··· Available data
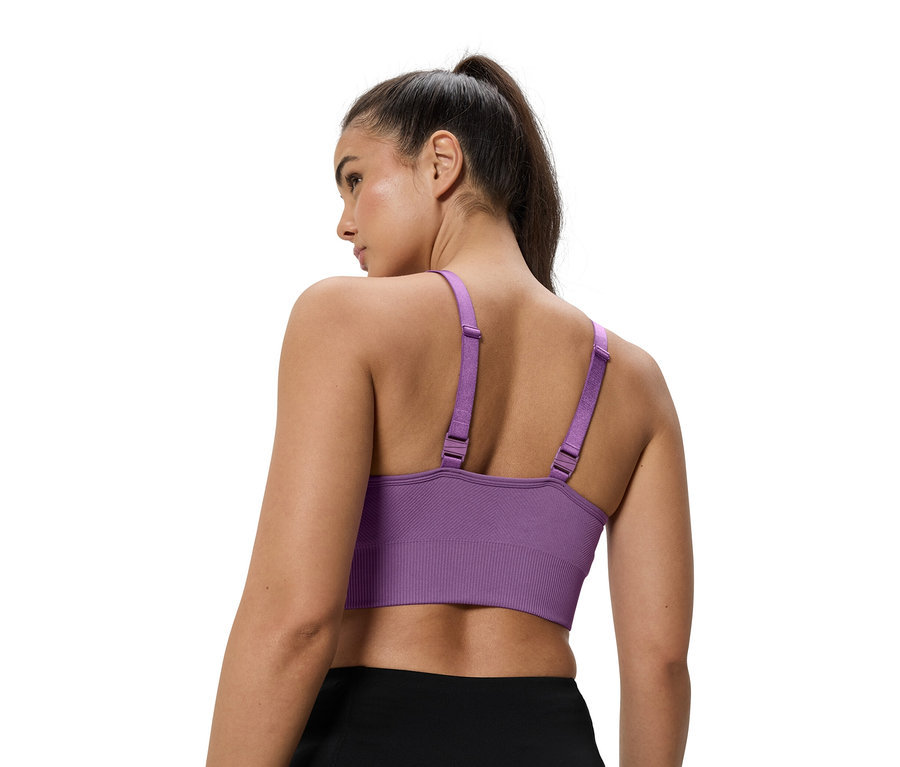 Kobieta ma na sobie fioletowy stanik sportowy.
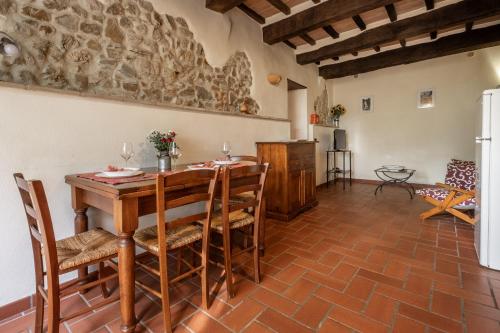 a kitchen and dining room with a wooden table and chairs at Ginestra in Arcidosso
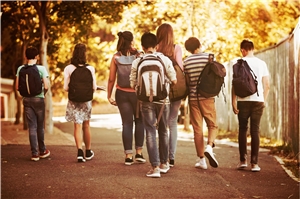 Das Foto zeigt eine Guppe von Schülern von hinten, die eine Straße entlanglaufen.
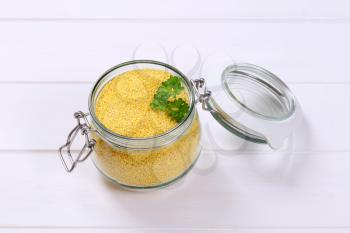 jar of raw millet on white wooden background
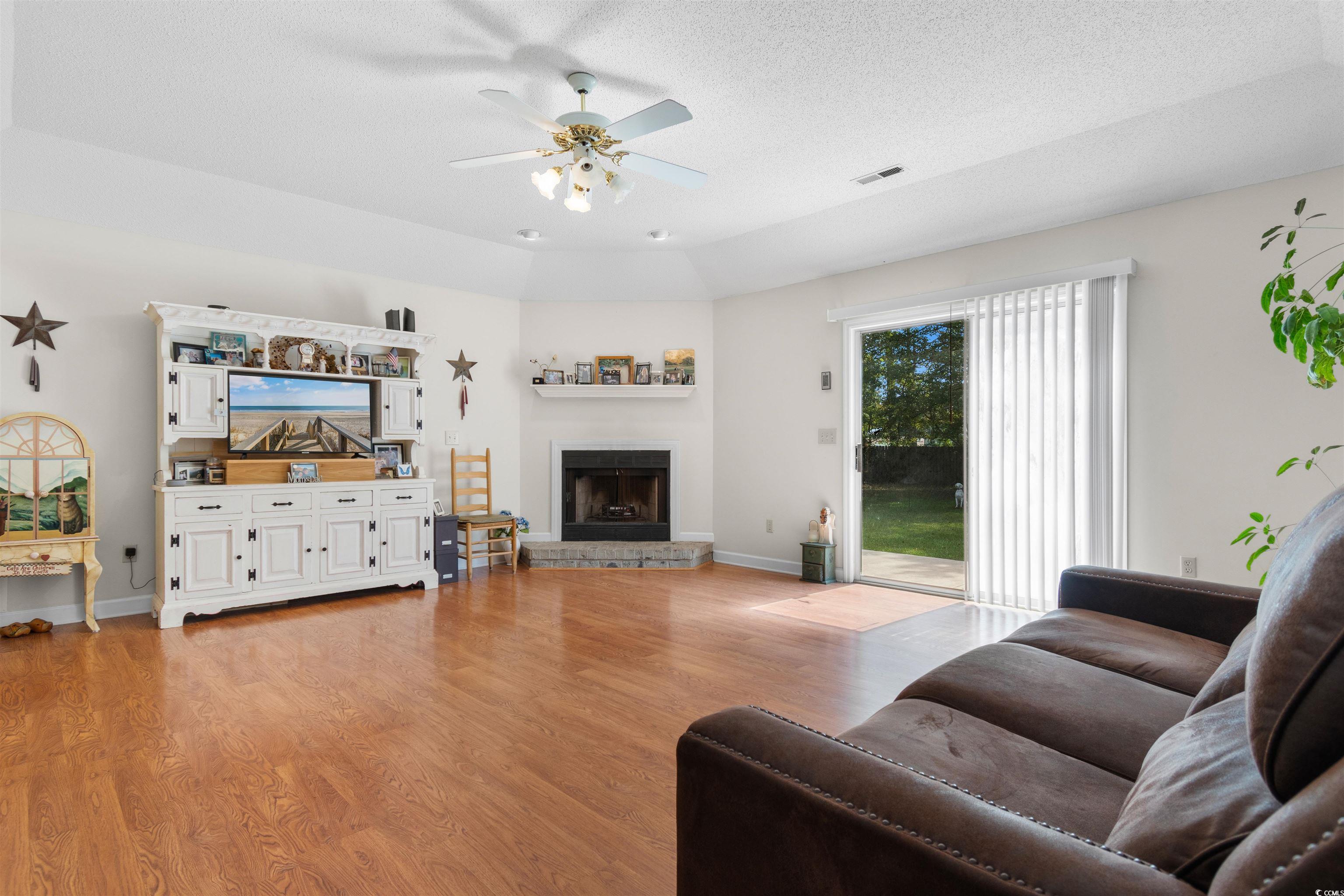 203 Prestwick Road Myrtle Beach, SC 29588 - Photo 5 of 34 Living room featuring a fireplace, a textured ceil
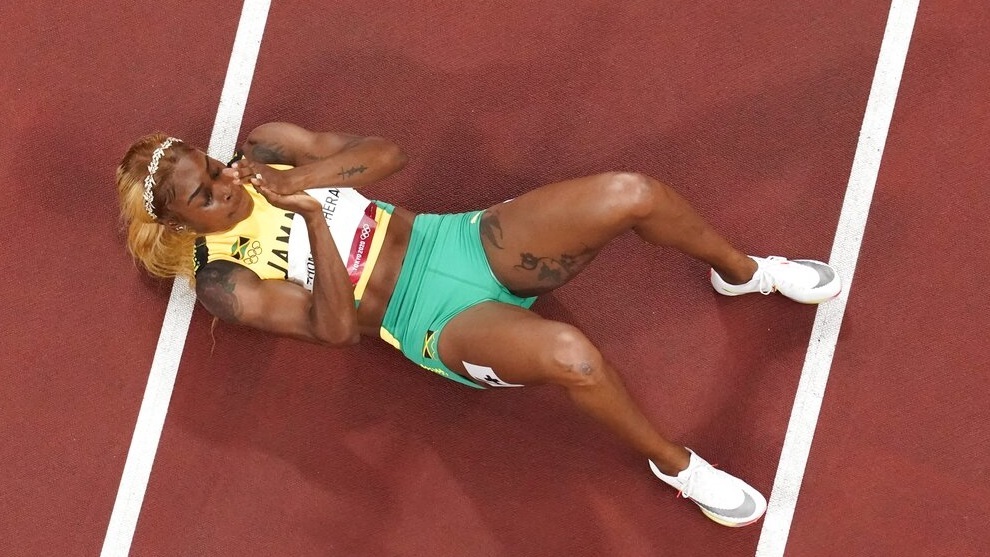 Elaine Thompson-Herah wins the gold during the finals of the women's 100-meter.
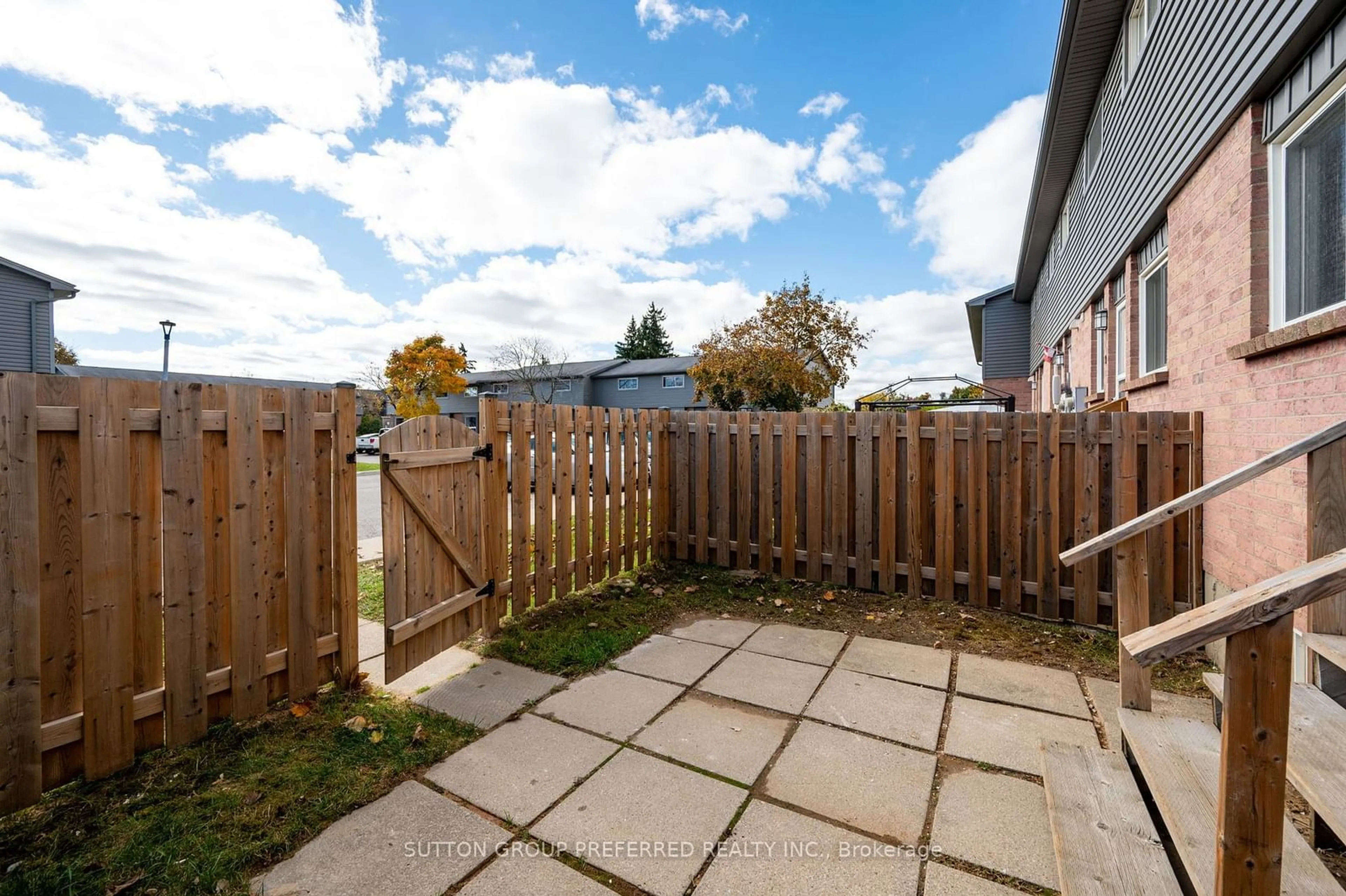 Patio, the fenced backyard for 1443 Huron St #8, London Ontario N5V 2E6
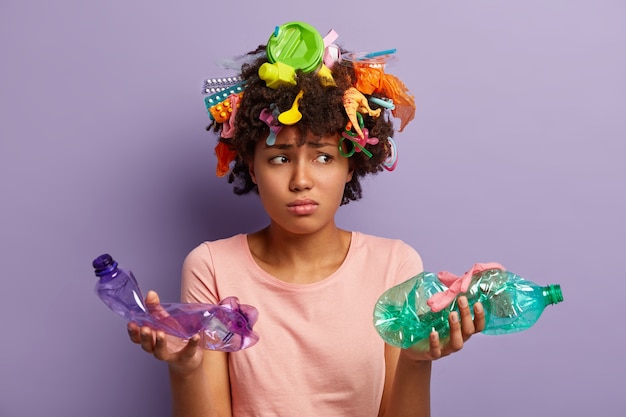 Mujer joven con corte de pelo afro y residuos plásticos en el cabello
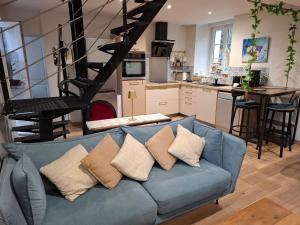 a living room with a blue couch with pillows at Le petit saint Germain in Digosville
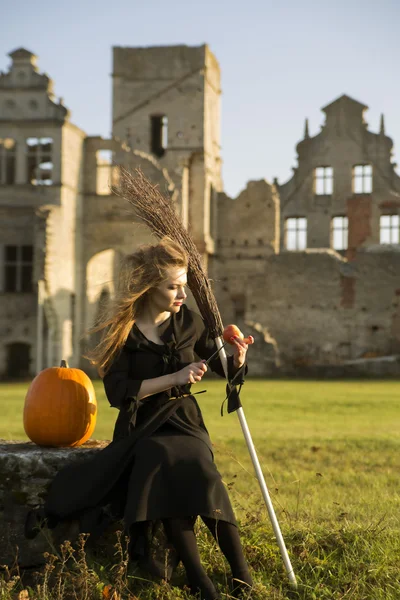 Witch with pale skin hold apple at hand — Stock Photo, Image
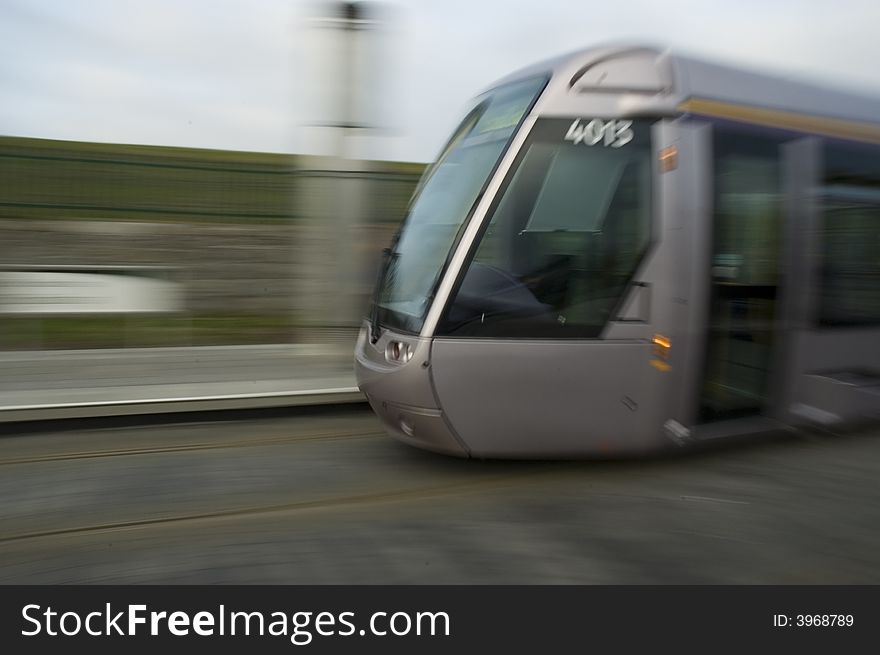 Laus Tram travelling at high speed in Dublin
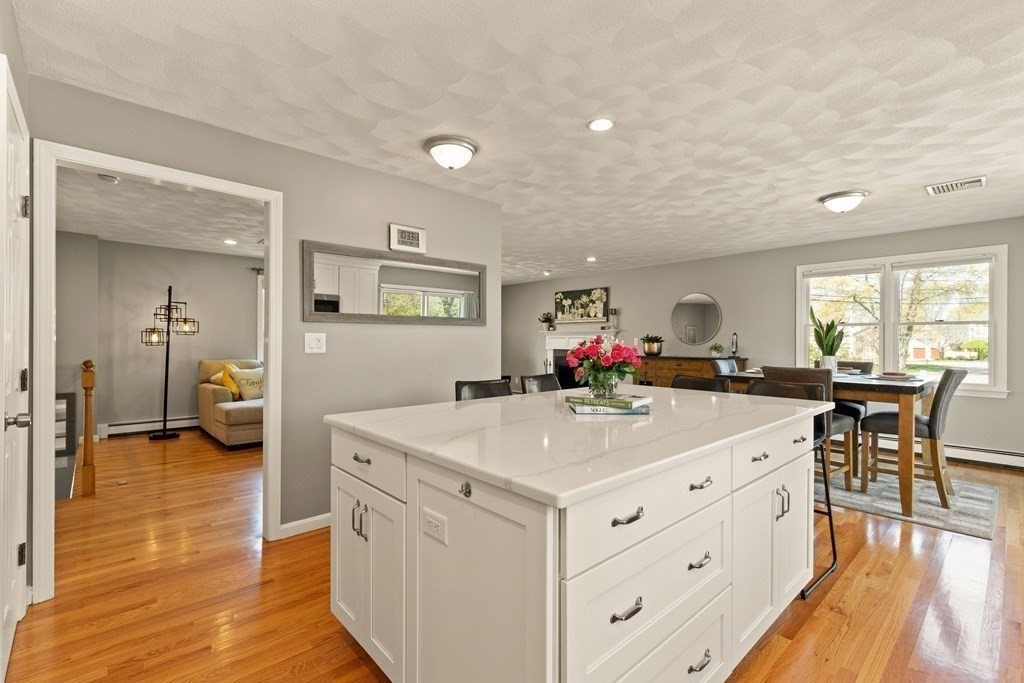 Bright kitchen with a large white island opening to a dining area and living room.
······
What needs to be done: This task calls for restating, word for word, each line from the line holding "Mujer joven con" through the end of the material, pictures left out.

Output of the task:
 Mujer joven con corte de pelo afro y residuos plásticos en el cabello
 a living room with a blue couch with pillows at Le petit saint Germain in Digosville
 Witch with pale skin hold apple at hand — Stock Photo, Image
 Laus Tram travelling at high speed in Dublin
 Bright kitchen with a large white island opening to a dining area and living room.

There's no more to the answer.